Op grond van artikel 18a, eerste lid, kan bij ministeriële regeling de duur en periode waarover algemene bijstand kan worden verleend, worden uitgebreid. Voorts kan de uiterste datum waarop een lening ter voorziening in de behoefte aan bedrijfskapitaal kan worden aangevraagd, die in artikel 14, onderdeel c, van de Tozo is bepaald op 1 oktober 2021, op een latere datum worden gesteld. Zie voor de criteria voor het aanwenden van deze bevoegdheid en de daaraan gestelde beperkingen, paragraaf 1.4 van het algemeen deel.

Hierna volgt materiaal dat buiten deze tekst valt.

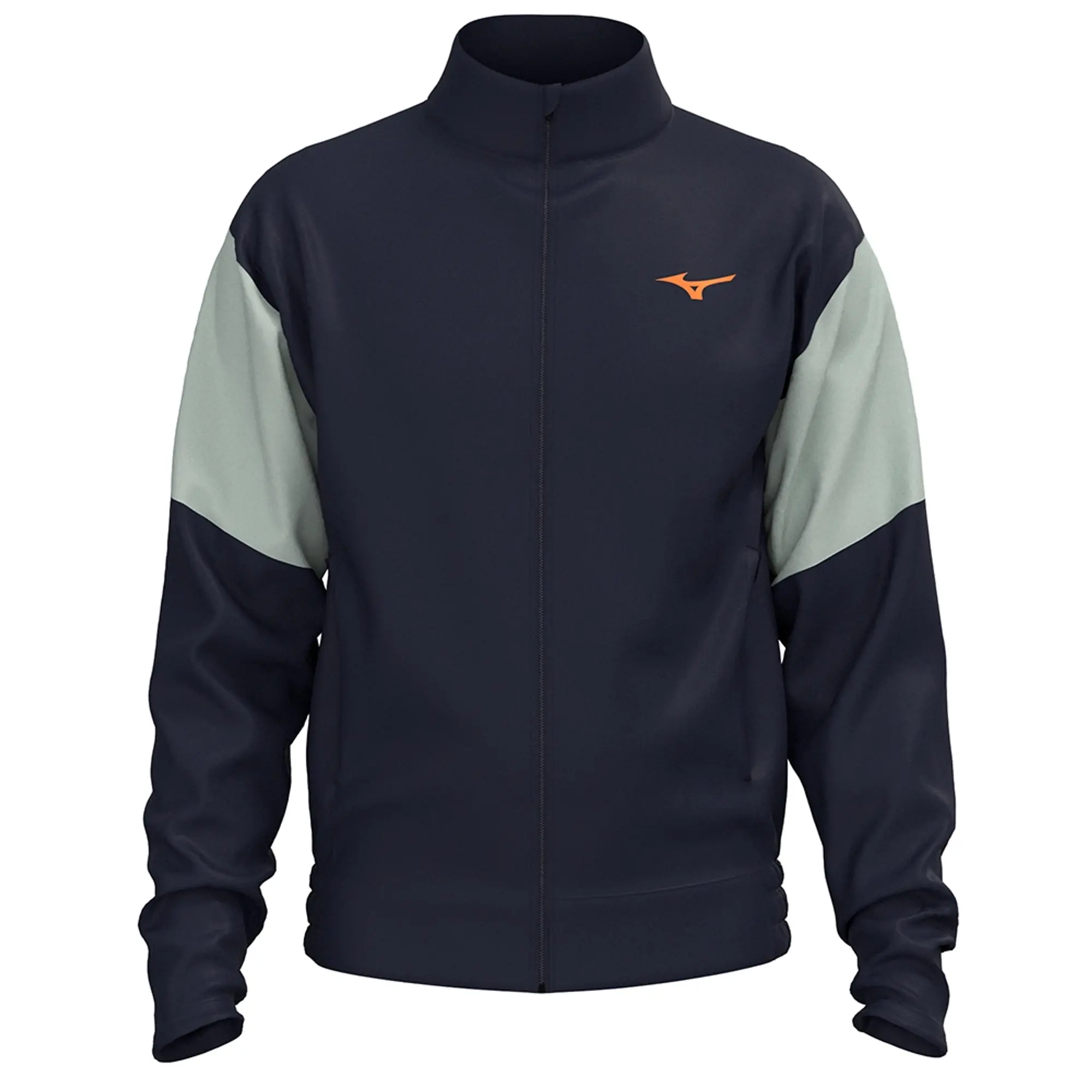 Mizuno Athletics Tracksuit Jacket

Het tweede lid biedt de mogelijkheid om in genoemde ministeriële regeling nadere en zo nodig regels te stellen die afwijken van de Tozo en het Bbz 2004. Afhankelijk van het moment van aanwending van de bevoegdheid kan het in het bijzonder noodzakelijk zijn om regels te stellen over de samenloop met de in artikel VIIa geïntroduceerde bijzondere regels ten aanzien van aanvragen van de algemene bijstand 2004. Het kan namelijk noodzakelijk zijn om indien artikel 18a, eerste lid, wordt aangewend zekerheid te geven aan zelfstandigen en gemeenten over de geldende regimes en hun onderlinge verhouding.

Artikel III. Inwerkingtreding

Dit besluit treedt in werking op 1 oktober 2021. Indien het Staatsblad na 30 september 2021 wordt uitgegeven, werken artikel I, onderdelen A tot en met C, en artikel II terug tot en met 1 oktober 2021. In afwijking van het voorgaande treedt artikel I, onderdeel D, op 1 januari 2022 in werking. Dit onderdeel regelt het vervallen van het tijdelijke Hoofdstuk VIIa met ingang van 1 januari 2022.

De Staatssecretaris van Sociale Zaken en Werkgelegenheid, A.D. Wiersma


X Noot
1

Kamerstukken II 2020/21 35 420, nr. 348.

X Noot
2

Zie ook Aanwijzing 2.24, eerste lid, van de Aanwijzingen voor de regelgeving.

X Noot
3

Deze systematiek komt overeen met de Tozo, zie artikel 5, eerste lid, onderdelen c en d, Tozo.